_Exercise details:_
When the word "Photo" shows up in a line of the data below, copy that whole line.

+ + + + +

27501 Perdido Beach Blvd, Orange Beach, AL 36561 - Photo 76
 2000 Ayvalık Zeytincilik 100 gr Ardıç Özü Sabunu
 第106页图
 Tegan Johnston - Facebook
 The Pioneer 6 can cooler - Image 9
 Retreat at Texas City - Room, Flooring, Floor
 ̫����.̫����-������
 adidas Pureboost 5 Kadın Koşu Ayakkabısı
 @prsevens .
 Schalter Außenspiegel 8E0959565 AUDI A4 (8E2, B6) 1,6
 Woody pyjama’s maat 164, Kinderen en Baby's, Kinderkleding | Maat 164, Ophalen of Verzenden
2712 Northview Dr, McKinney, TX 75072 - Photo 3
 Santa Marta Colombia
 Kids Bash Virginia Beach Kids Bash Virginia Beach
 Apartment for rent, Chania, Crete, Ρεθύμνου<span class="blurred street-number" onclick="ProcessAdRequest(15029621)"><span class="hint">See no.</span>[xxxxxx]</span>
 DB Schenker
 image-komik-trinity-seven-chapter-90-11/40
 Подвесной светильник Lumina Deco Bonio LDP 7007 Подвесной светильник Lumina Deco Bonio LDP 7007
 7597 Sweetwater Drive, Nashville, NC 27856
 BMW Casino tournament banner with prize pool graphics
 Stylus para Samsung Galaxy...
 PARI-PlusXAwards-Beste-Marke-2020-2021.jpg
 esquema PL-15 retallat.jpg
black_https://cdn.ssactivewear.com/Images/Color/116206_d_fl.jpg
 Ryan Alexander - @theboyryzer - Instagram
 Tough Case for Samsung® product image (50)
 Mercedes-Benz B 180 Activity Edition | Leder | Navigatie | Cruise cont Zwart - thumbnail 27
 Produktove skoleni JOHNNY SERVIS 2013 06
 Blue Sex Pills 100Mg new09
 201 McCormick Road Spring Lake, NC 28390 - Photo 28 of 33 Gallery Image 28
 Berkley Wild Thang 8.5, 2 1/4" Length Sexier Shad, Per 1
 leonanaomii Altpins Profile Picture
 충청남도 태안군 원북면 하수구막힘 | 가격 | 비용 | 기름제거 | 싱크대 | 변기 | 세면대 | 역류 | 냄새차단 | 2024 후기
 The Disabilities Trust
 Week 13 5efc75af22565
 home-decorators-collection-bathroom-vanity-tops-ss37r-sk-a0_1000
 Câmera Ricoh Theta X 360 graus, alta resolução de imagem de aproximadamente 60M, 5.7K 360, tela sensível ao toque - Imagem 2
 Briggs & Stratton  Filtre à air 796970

+ + + + +

_Solution to the problem:_
27501 Perdido Beach Blvd, Orange Beach, AL 36561 - Photo 76
2712 Northview Dr, McKinney, TX 75072 - Photo 3
 201 McCormick Road Spring Lake, NC 28390 - Photo 28 of 33 Gallery Image 28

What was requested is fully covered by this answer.